Segundo o pescador, o óleo aumenta em dias de chuva, como naquela sexta-feira. Freitas diz que ligou diversas vezes para a Autarquia do Meio Ambiente (AMA), pedindo providências, mas até agora nada foi feito. ‘‘É preciso saber quem é que está jogando óleo no lago. Do jeito que está não pode ficar.’’
José de Freitas comenta que começou a notar a poluição há 90 dias, mas que de dois meses para cá ela tem se tornado mais intensa. Normalmente ele e os colegas pescam sob a ponte da avenida Higienópolis (área central), em frente ao Iate, mas também têm notado a poluição em outras partes do lago. ‘‘Atrás do clube tem um canal onde o pessoal conserta lancha, dentro do ancoradouro, soltando muito óleo e graxa na água. Tem outro canal, perto dos bombeiros, que também está muito sujo.’’
Aldemir Leme de Souza, um dos responsáveis pelo setor náutico do Iate, diz que tem orientado constantemente os frequentadores para que não abasteçam ou façam consertos dentro da água. ‘‘Às vezes os mecânicos testam os barcos com a tampa do motor aberto e, por isso, pode cair um pouco de óleo ou gasolina. Mas não é sempre’’, garante.
A poluição, segundo os pescadores, também está afetando a saúde dos peixes. ‘‘Esses peixes que estão aqui não estão normais, a carne está muito mole. Parece que não estão sadios’’, aponta Masami Suzuzi, que além de pescador é cozinheiro e está acostumado a lidar com o produto. ‘‘O lambari, uma hora depois de pescado, dentro do samburá, já está morto, o que não é comum’’, completa Freitas.
Outro pescador, Roberto Queitz, alerta para o perigo que as crianças que nadam no lago podem estar correndo. Faz quinze anos que ele pesca no local mas diz que a poluição tem se intensificado nos últimos tempos. ‘‘Se tivesse um orelhão por aqui a gente ligava, para avisar da sujeira, do óleo. Mas também o pessoal vem, dá uma multa e aí continua tudo a mesma coisa’’, diz, pouco depois de fisgar com o próprio anzol parte do chassis de uma mobilette.

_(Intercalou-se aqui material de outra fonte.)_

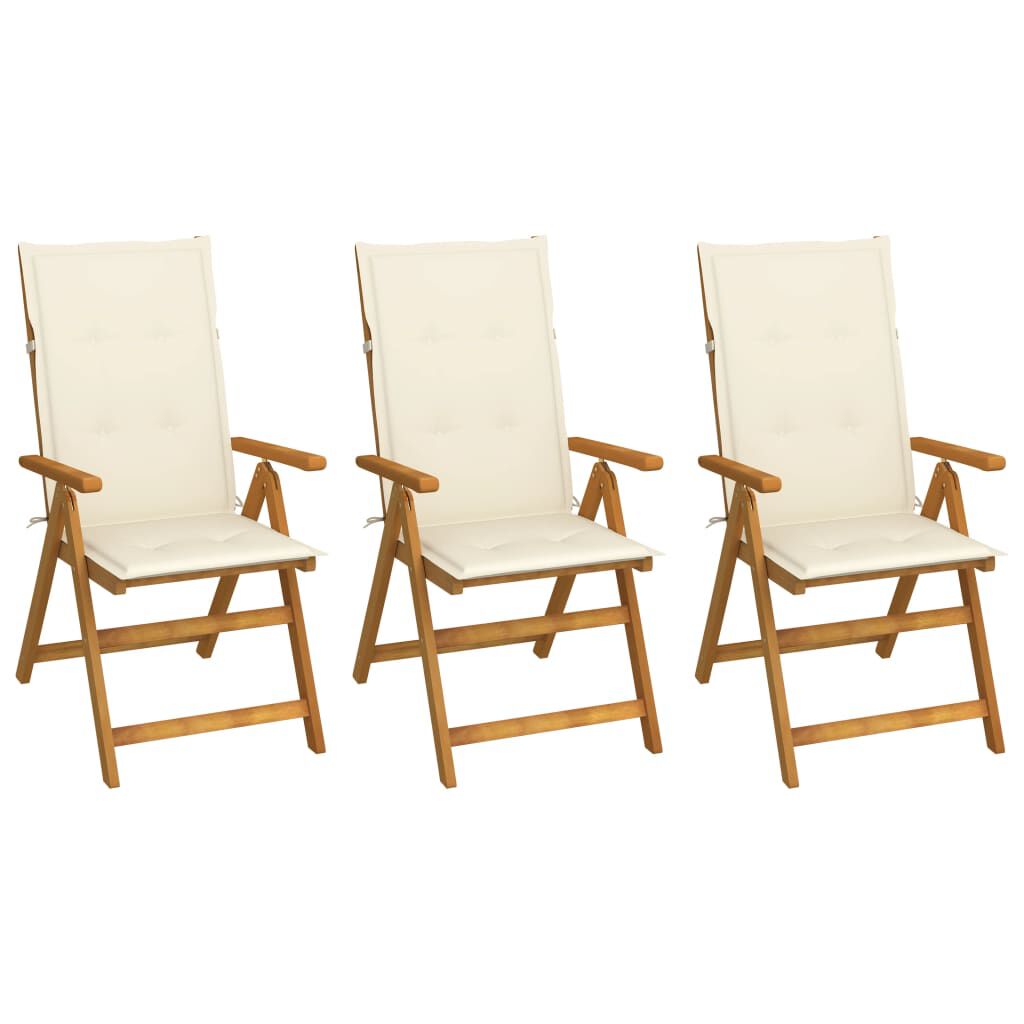 vidaXL Folding Garden Chairs 3 pcs with Cushions Solid Acacia Wood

A poluição também está assustando quem gosta de praticar esportes náuticos. Segundo o professor de remo e canoagem do Iate Clube, Gelson Moreira, muita gente tem deixado de lado o esporte porque não suporta entrar em uma água com tanta sujeira. ‘‘Frequentemente aparecem manchas de óleo na água.’’

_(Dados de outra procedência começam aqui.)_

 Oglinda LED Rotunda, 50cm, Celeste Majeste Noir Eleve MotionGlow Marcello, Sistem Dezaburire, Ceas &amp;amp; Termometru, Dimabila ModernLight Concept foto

O professor também questiona o trabalho de despoluição feito no lago em 1996, na gestão do ex-prefeito Luiz Eduardo Cheida. Na época, houve até rebaixamento do nível das águas do lago para desassoreamento e identificação de focos poluidores. ‘‘Falaram em poluição zero, mas não aconteceu nada disso.’’ Para Gelson Moreira, tempo e dinheiro gastos no ano passado estão submersos. Hélio Dutra, superintendente da AMA na gestão passada e responsável pelo trabalho de despoluição do lago, não foi encontrado para dar entrevista.